The exponent is actually log2(3) ~= 1.58.

> The method is sometimes called Karatsuba algorithm.
> ...
> I think to remember that the GMP library uses this algorithm,
> but I didn't look it up and tried my own straightforward way.

Right, GMP does do this.  There's a much faster method (O(n)) based on
Fourier transforms, but it's much harder to code and I've only seen it used
in David Bailey's MPFUN package (a highly optimized Fortran pkg for
arbitrary-but-fixed precision float arithmetic + the std elementary
functions).

> The reason why I don't aim to modify the C implementation any
> longer is: It will not be reasonably faster in C. The real
> working horse is still the basic internal long multiplication
> (sometimes called "highschool algorithm") which is fast for small
> long integers. The only effect of a C port would be to move the
> break_even point to something smaller.

Tee hee.  I wonder how much of Python we could speed up by throwing out C
code <wink>?  Integer exponentiation can also be done faster in Python, and
much faster with a faster multiply to build on.  Seem to recall that
repr(dict) is/was quadratic-time in len(dict), while easy to make
linear-time if coded in Python.  C is so clumsy you just settle for the
simplest thing to *spell*.

> ...
> A function to obtain the bit length of a long would
> be most helpful.

The lack of this has gotten unbearable, eh?
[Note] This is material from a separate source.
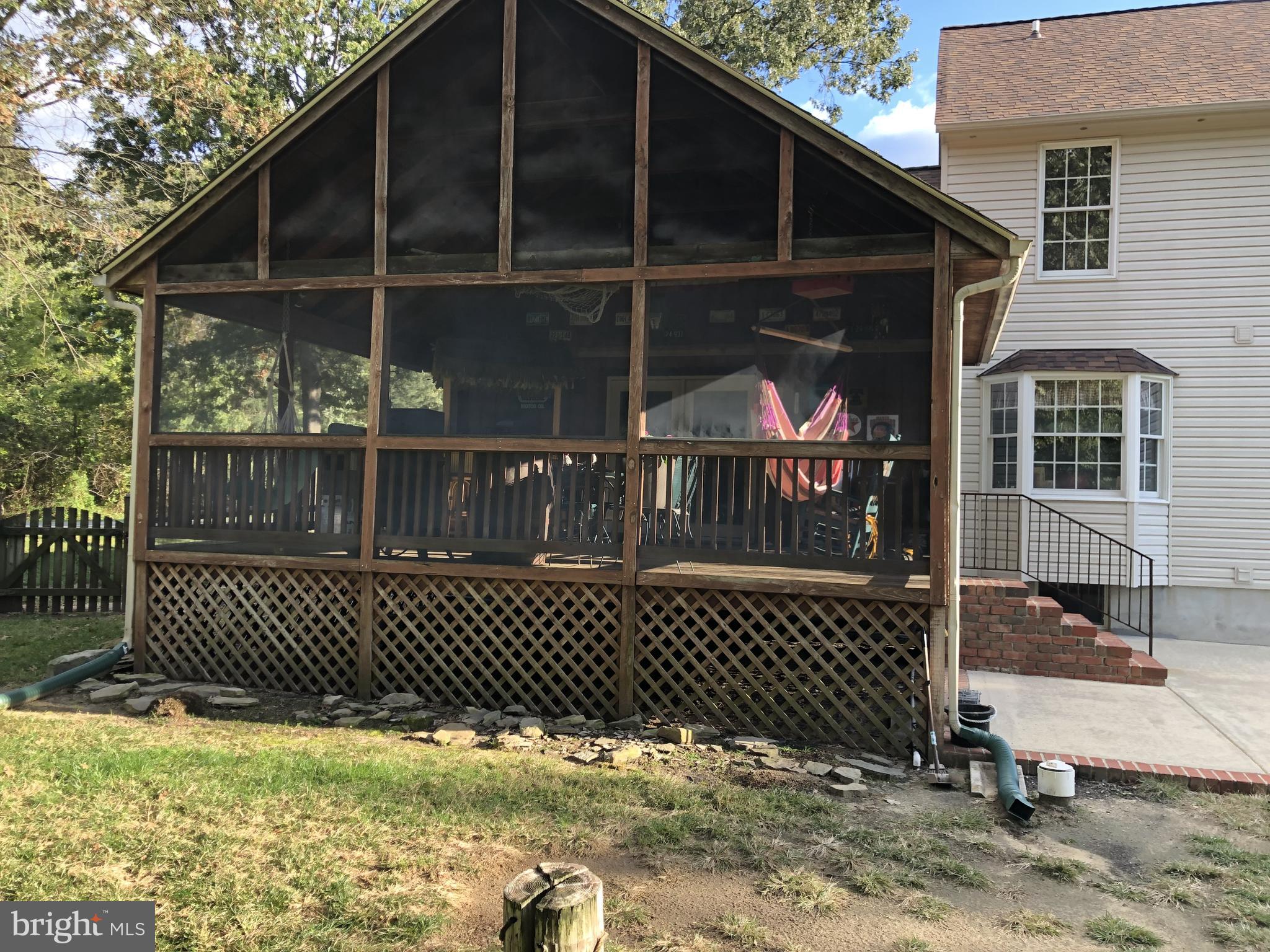 1380 Old Water Oak Point Road Pasadena, MD 21122 - Photo 7 of 41 Screened Porch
> Some kind of split function as well.

That one is much weaker; unlike bit length, the obvious ways to split and
join already have the right O() behavior.

> ...
> (1) Aho/Hopcroft/Ullmann:
>     "The Design and Analysis of Computer Algorithms"

Knuth Vol 2 is a better reference for fast integer mult, although it goes
off the deep end on theoretical refinements of no practical value ("what if
the number of bits is bigger than the number of electrons in the
universe?").

> ...
>     def __mul__(self, other):
>         """Karatsuba alogrithm
>         (a+bX)(c+dX)=(X^2+X)(bd)+(X)(a-b)(d-c)+(X+1)(ac)
>         """
>         val1 = self.val
>         val2 = fastlong(other).val
>         if not val1 and val2:
>             return 0

The test only succeeds when val1 == 0 and val2 != 0 -- not what you
intended.  OTOH, it's debatable whether programs multiply by 0 often enough
to pay back the cost of testing for it!

>         bitcount = max(nbits(val1), nbits(val2))
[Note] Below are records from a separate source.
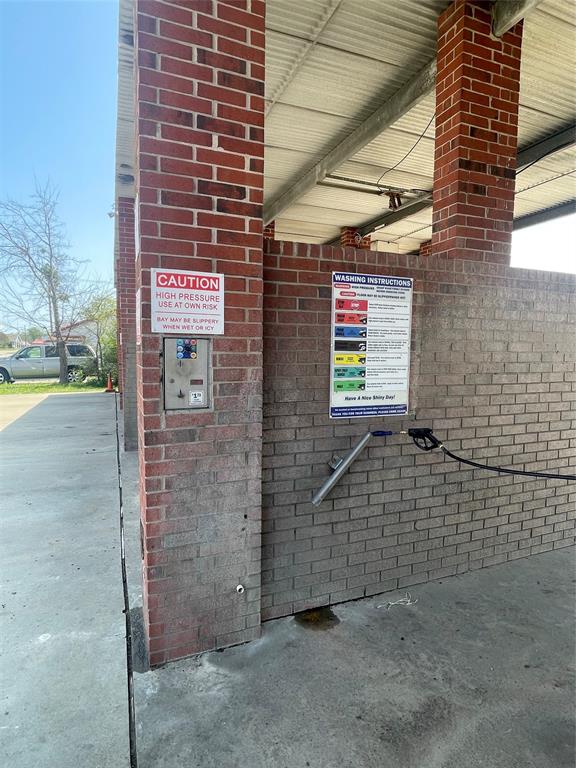 1201 W Dallas Avenue Property Photo 7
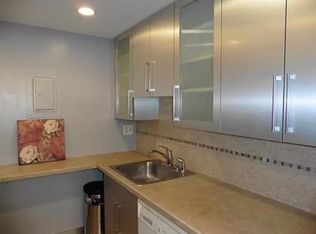50 Broadlawn Park #410, Chestnut Hill, MA 02467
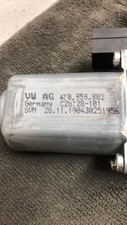Moteur leve vitre avant droit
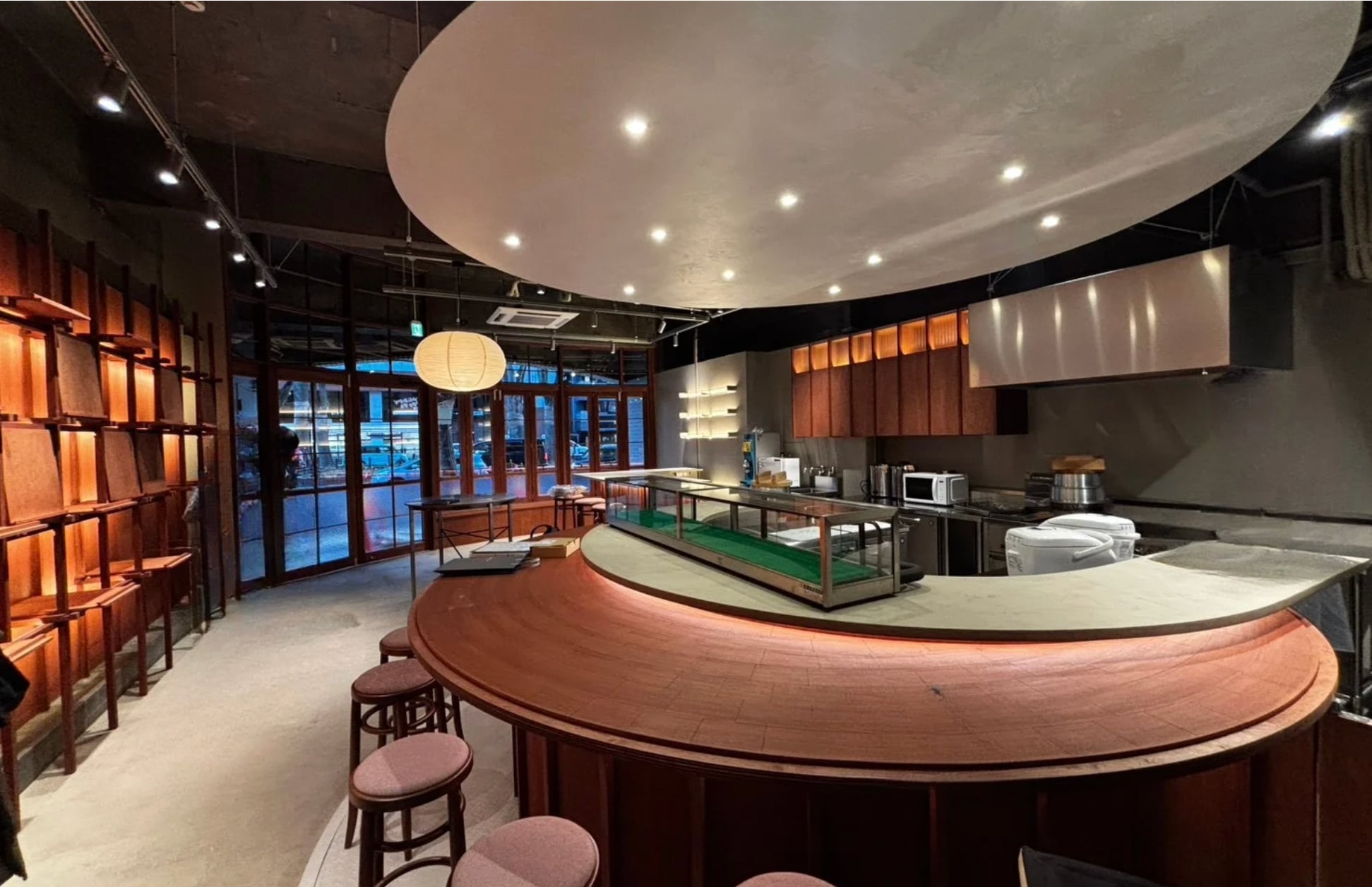 定禅寺ヒルズ1階に「おむすび東雲」路面出店、定禅寺通らしい店づくり。オーナー×テナントで挑む定禅寺通の次の景色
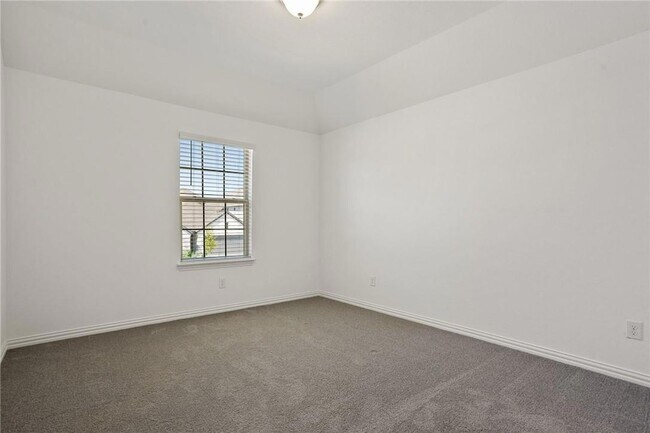 Building Photo - 613 Silent Crk Cv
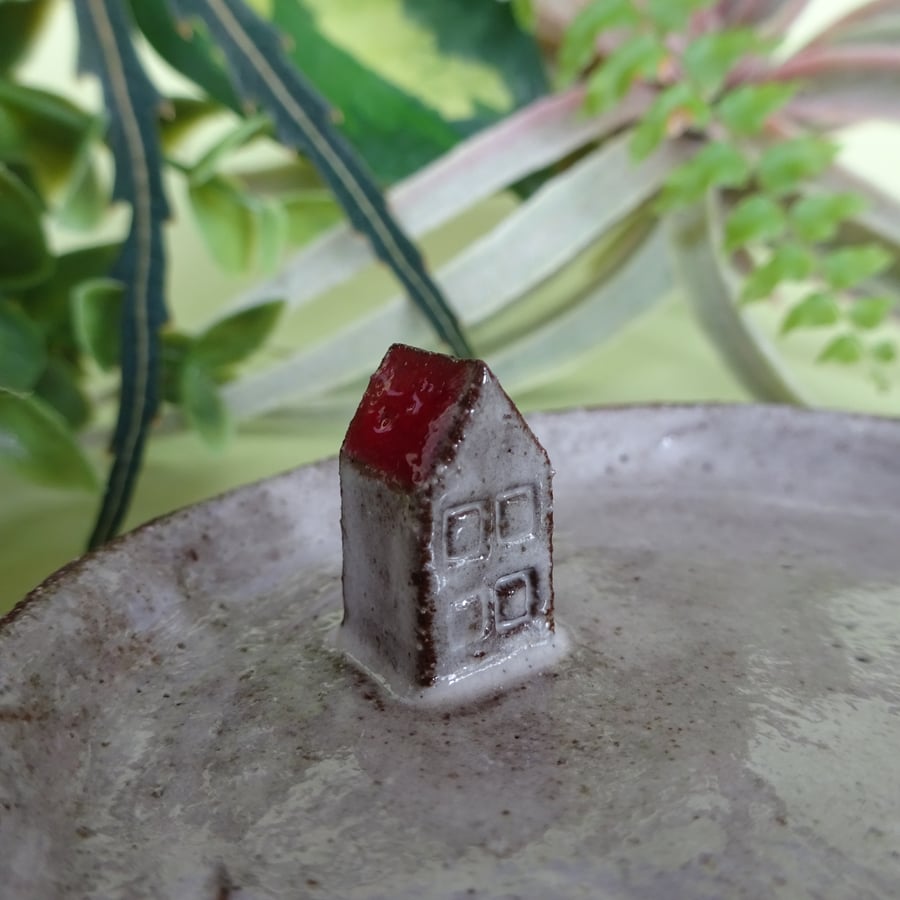 Little house ring dish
min is a better choice here; see below.

>         if bitcount < self.break_even:
>             return val1 * val2
>         shift = bitcount / 2
>         (hi1, lo1) = split_num(val1, shift)
>         (hi2, lo2) = split_num(val2, shift)

Need a fancier strategy when nbits(val1) and nbits(val2) are far apart.
This strategy takes strong advantage of the special-case-for-0 test above
<wink>, but can easily run 100s of times slower than the builtin mult; e.g.,
change your test case to lambda x:x*5.

This is all the more reason to write in Python, though!  Much clumsier to
handle imbalance in C.  In the meantime, using "min" instead of "max" to
compute bitcount greatly speeds the worst cases, and doesn't hurt the best
ones.

> ...
> def nbits(x):
>     """not clean, rather fast, inaccurate"""
>     s=marshal.dumps(x)
>     return abs(struct.unpack("i", s[1:5])[0])*15 -7

I've been using the following since 1.5.2 came out.  Cleaner and accurate.
The one above is substantially faster, but it's now a small-factor thing
rather than an O() difference:

def nbits(n, hex=hex, long=long, len=len,
             d2bits={'0':0,
                     '1':1,
                     '2':2, '3':2,
                     '4':3, '5':3, '6':3, '7':3,
                     '8':4, '9':4, 'A':4, 'B':4,
                     'C':4, 'D':4, 'E':4, 'F':4}):
    """nbits(n): return number of bits in n.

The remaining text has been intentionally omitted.